RECORDS SUPPLIED -

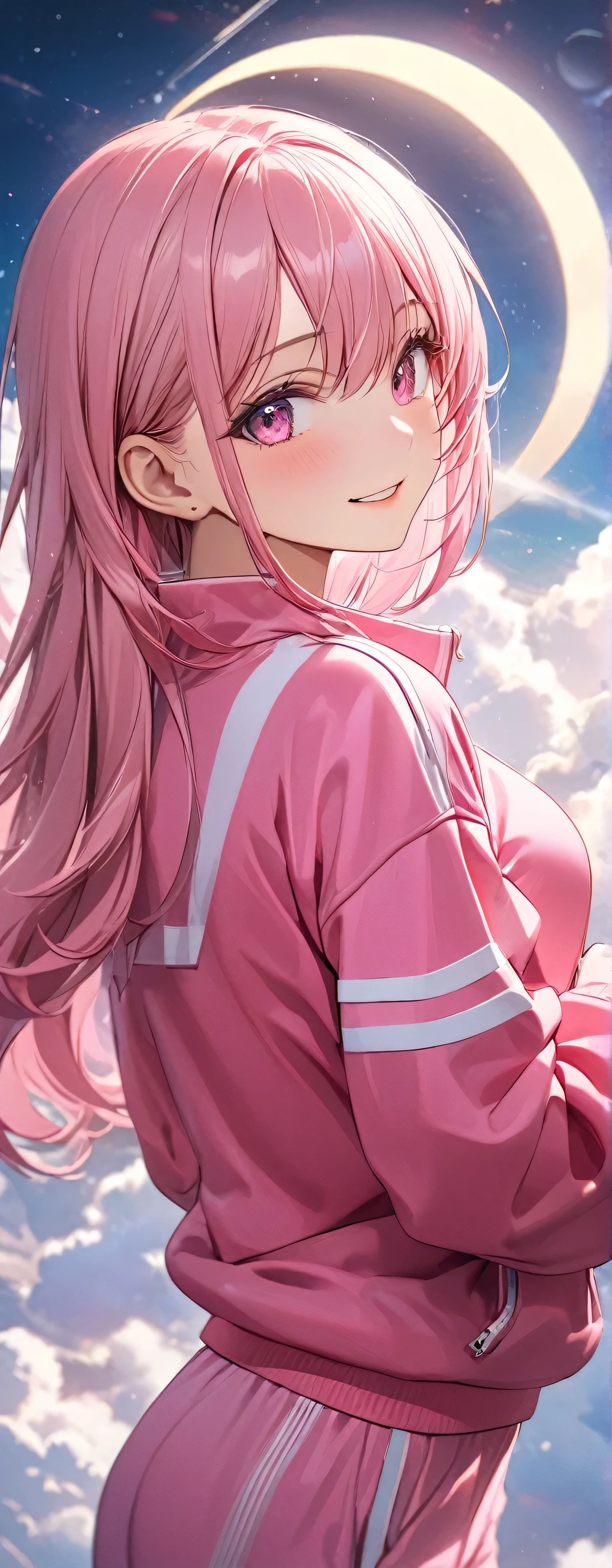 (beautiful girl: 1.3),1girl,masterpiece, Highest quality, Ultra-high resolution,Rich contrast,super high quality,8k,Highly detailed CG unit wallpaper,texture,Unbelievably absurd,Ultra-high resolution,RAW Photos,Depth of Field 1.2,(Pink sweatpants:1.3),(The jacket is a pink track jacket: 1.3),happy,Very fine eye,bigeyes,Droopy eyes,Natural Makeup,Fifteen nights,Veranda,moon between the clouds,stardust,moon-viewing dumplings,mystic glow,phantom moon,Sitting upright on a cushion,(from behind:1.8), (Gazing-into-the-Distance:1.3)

==

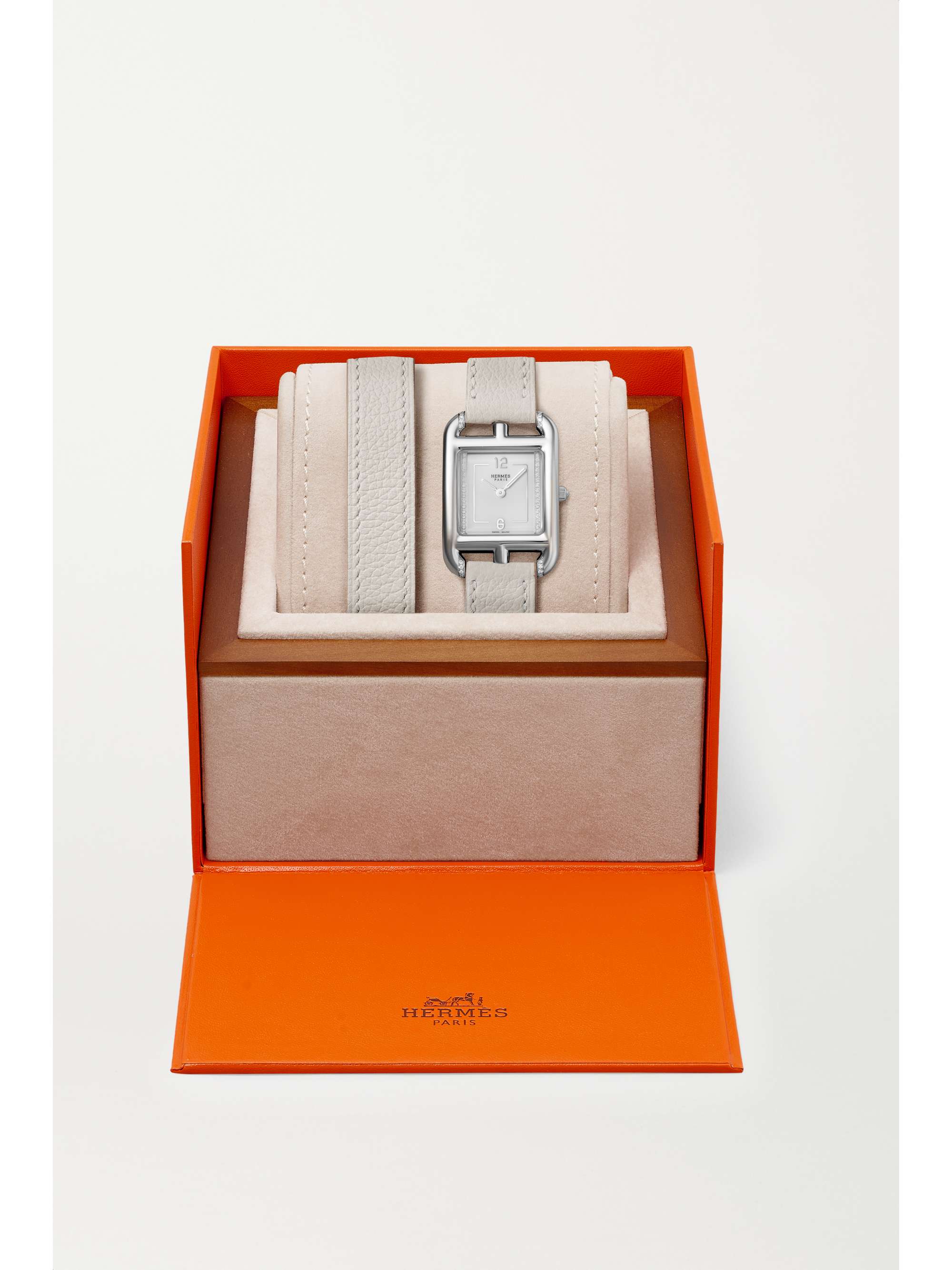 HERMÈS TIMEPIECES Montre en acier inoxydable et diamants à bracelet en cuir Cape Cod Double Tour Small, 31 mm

==

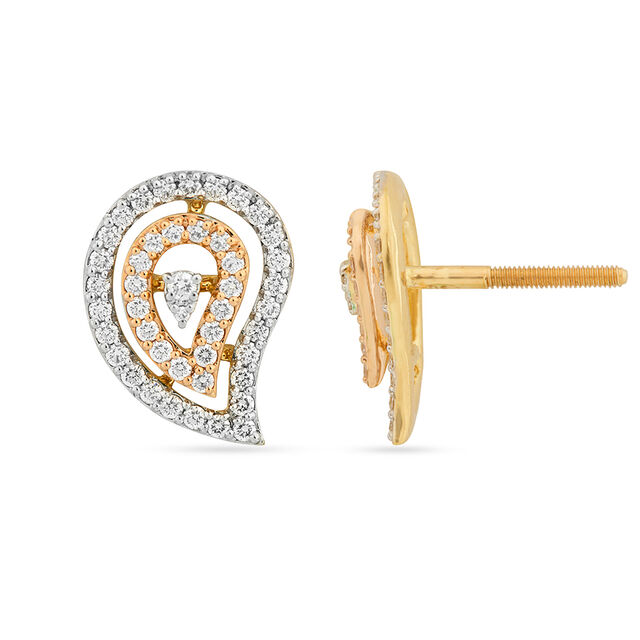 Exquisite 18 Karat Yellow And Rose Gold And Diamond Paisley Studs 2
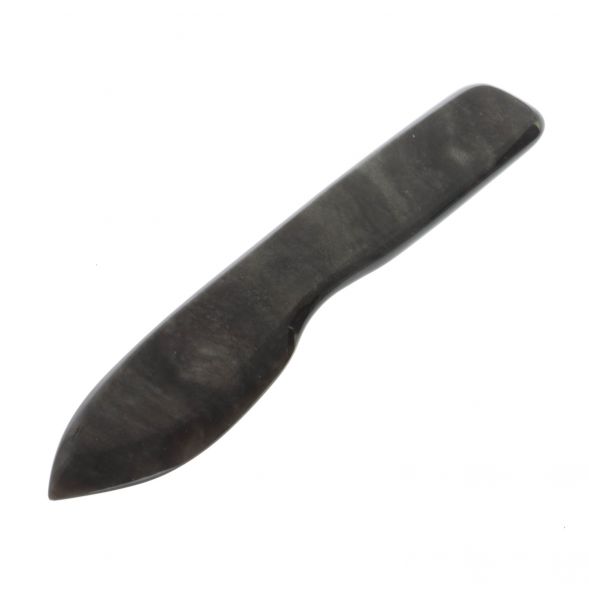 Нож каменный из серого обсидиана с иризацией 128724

WORK TO COMPLETE -
Go to the line above holding "Exquisite 18 Karat", then copy exactly each line down to and including the one holding "Нож каменный из", leaving pictures out.

RESULT FOR THIS TASK -
 Exquisite 18 Karat Yellow And Rose Gold And Diamond Paisley Studs 2
 Нож каменный из серого обсидиана с иризацией 128724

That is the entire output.